In recent months, a ban of the Alternative for Germany (AfD) appeared to be inching closer and closer, but now a key voice has clearly spoken out against such a move.
Chancellor Friedrich Merz has now said that voting on an AfD ban in the Bundestag is not the right path, saying it “smacks too much of the elimination of political rivals.” He said he does not believe the current evidence is sufficient.
He has even gone a step farther, stating that former Interior Minister Nancy Faeser, an SPD politician with far-left sympathies who wrote for Antifa Magazine, was wrong to classify the AfD as “confirmed” right-wing extremist in the Federal Office for the Protection of the Constitution (BfV) report. Critics indicate that she rushed the report out at the last minute of her tenure, despite the BfV having no president and despite a lack of any expert review, which she had previously promised would happen.

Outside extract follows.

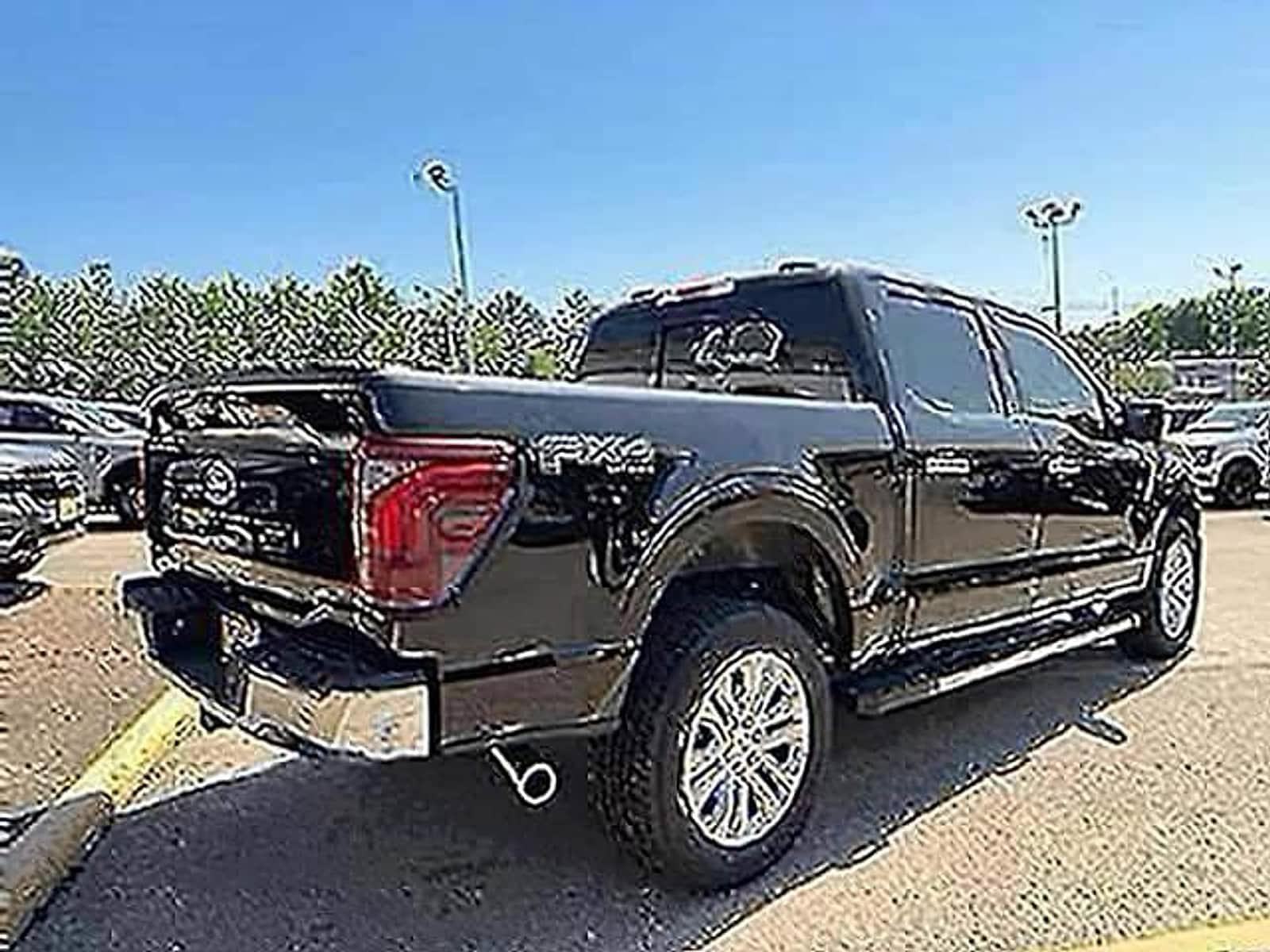 Used 2025 Ford F150 Lariat w/ Equipment Group 502A High AWD/4WD image 7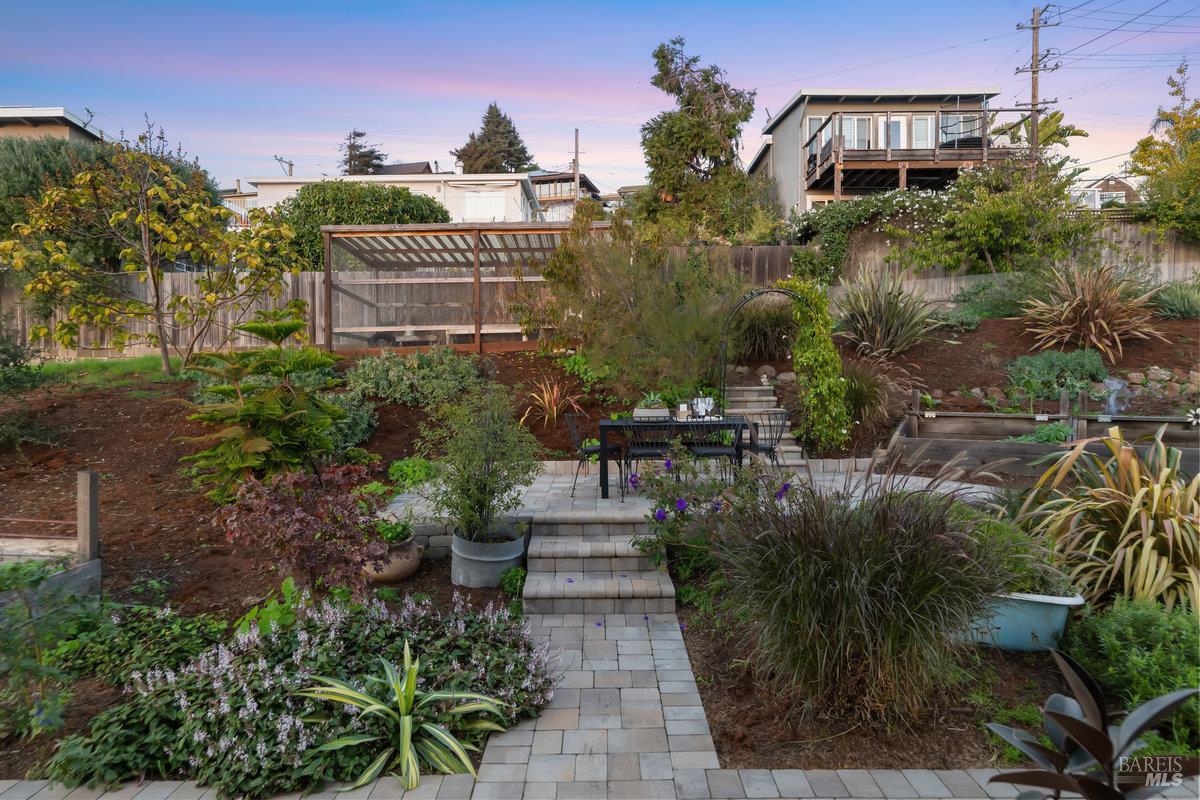 Detail Gallery Image 55 of 95 For 700 Ocean Ave, Richmond,  CA 94801 - 3 Beds | 2/1 Baths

Speaking to Die Zeit, Merz said; “Working ‘aggressively and militantly’ against the free democratic basic order must be proven. And the burden of proof lies solely with the state. That is a classic task of the executive branch. And I have always internally resisted initiating ban proceedings from within the Bundestag. That smacks too much of political competition elimination to me.”
Merz also expressed his displeasure with Faeser’s move to release the report on her last day of work.